Art. 6° Sobre a metodologia dos trabalhos e relatórios:

I - os relatórios deverão pautar-se pelo rigor técnico, objetividade e linguagem impessoal, baseando-se em evidências fáticas e documentais, abstendo-se de formulações interrogativas que gerem ambiguidade quanto à natureza da observação;

II - na elaboração de seus apontamentos, o Controle Interno observará os princípios da materialidade, relevância e economicidade, devendo priorizar irregularidades que apresentem risco ao erário ou ao interesse público;

III - inconformidades de baixa relevância operacional ou meros erros formais sem dolo ou prejuízo poderão ser objeto de recomendações de melhoria procedimental, dispensando o rito de apontamento quando o esforço administrativo de correção for desproporcional ao benefício; e,

IV - os pontos de atenção encontrados pelo Controle Interno durante a sua atuação nos diversos setores da Administração deverão ser anotados no relatório e levado ao conhecimento da autoridade máxima da entidade, a quem caberá determinar as providências e estipular o prazo para regularização, se for o caso.

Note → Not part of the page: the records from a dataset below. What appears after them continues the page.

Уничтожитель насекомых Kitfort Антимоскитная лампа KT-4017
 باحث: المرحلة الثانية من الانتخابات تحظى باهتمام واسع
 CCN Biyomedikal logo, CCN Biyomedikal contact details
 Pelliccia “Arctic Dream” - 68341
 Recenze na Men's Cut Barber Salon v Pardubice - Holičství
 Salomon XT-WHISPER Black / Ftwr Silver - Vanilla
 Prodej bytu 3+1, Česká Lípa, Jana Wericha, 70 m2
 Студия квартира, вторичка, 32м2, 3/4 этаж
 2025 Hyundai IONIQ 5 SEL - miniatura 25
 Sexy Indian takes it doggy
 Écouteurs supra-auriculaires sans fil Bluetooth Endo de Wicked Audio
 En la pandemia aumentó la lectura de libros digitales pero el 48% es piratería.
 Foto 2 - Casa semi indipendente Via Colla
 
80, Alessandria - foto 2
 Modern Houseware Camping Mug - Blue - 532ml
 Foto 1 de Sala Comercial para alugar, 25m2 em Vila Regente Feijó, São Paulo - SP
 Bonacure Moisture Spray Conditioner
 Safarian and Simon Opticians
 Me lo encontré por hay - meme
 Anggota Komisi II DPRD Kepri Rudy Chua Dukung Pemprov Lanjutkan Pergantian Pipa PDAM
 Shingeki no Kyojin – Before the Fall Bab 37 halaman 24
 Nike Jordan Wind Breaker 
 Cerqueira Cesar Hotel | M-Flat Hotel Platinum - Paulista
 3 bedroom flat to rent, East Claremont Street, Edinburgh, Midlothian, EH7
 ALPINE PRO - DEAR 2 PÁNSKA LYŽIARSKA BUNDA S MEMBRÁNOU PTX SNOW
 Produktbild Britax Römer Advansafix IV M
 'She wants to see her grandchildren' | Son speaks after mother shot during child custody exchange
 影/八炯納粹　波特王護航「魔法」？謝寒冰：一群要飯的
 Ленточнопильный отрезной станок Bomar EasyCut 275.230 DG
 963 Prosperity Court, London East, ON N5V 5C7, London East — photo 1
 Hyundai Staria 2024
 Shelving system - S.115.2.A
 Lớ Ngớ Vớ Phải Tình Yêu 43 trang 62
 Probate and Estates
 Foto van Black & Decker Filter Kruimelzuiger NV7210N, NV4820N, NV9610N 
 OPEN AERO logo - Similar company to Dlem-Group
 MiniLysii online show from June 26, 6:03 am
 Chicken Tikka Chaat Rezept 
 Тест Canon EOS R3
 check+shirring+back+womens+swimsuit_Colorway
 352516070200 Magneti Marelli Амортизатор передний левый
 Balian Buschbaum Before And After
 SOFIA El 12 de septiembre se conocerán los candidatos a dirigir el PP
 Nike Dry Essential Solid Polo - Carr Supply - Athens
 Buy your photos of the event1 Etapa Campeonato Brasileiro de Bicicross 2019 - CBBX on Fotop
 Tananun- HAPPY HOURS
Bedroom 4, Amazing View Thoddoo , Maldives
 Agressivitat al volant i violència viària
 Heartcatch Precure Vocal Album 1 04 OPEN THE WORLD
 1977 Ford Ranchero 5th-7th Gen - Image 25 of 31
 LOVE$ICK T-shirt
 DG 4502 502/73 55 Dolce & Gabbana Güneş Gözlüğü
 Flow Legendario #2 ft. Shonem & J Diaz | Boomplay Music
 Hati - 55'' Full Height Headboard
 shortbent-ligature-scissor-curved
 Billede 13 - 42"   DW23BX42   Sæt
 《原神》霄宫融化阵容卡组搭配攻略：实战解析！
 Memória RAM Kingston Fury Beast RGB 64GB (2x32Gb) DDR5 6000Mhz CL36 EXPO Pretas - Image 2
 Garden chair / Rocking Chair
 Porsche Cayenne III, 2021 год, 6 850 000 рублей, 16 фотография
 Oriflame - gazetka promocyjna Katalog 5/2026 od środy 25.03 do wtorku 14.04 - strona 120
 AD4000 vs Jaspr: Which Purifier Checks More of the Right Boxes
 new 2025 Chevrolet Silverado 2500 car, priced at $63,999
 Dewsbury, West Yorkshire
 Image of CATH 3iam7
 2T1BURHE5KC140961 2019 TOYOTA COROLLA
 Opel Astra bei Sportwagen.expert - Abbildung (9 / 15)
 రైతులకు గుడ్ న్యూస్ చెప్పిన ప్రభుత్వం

Art. 7° O relatório será apresentado com periodicidade mensal, sem prejuízo de relatórios especiais por evento ou demanda, assegurando agilidade quando necessário sem sobrecarregar o setor.

§ 1° Os documentos solicitados aos setores terão prazo para apresentação até o 15º (décimo quinto) dia de cada mês, podendo ser prorrogado através das devidas justificativas a serem incluídas no momento da entrega.

§ 2° Excepcionalmente nos meses de janeiro e fevereiro, considerando os recessos tanto deste Legislativo quanto do Tribunal de Contas do Estado de São Paulo (TCESP), bem como eventuais instruções emitidas pelo Tribunal para o exercício, os documentos contábeis solicitados ao setor competente terão prazo para apresentação até o 10º (décimo) dia do mês de março do respectivo ano.

Art. 8° Após a conclusão do relatório periódico ou por evento, este será protocolado com ciência ao Presidente da Câmara, que determinará as providências saneadoras ou solicitará manifestação dos setores interessados.

Parágrafo único. O presidente poderá determinar prazo para resposta do setor responsável, ou solicitar parecer interno ou externo.

Art. 9° Fica revogada em seu inteiro teor a Resolução nº 02, de 04 de agosto de 2014.

Art. 10. Esta Resolução entra em vigor na data de sua publicação.

Plenário “Dr. Octávio Viscardi”, 12 de maio de 2026.

DANIEL DAVID

Presidente

Publicado e registrado na Secretaria de Expedientes, Arquivo e Apoio a Órgãos da Câmara, em 12 de maio de 2026.

THIAGO RUVIERI DELALIBERA

Diretor Administrativo em exercício

Esta Resolução originou-se no Projeto de Resolução nº 3/2026 de autoria da Mesa Diretora e sofreu emenda pela Comissão de Justiça e Redação.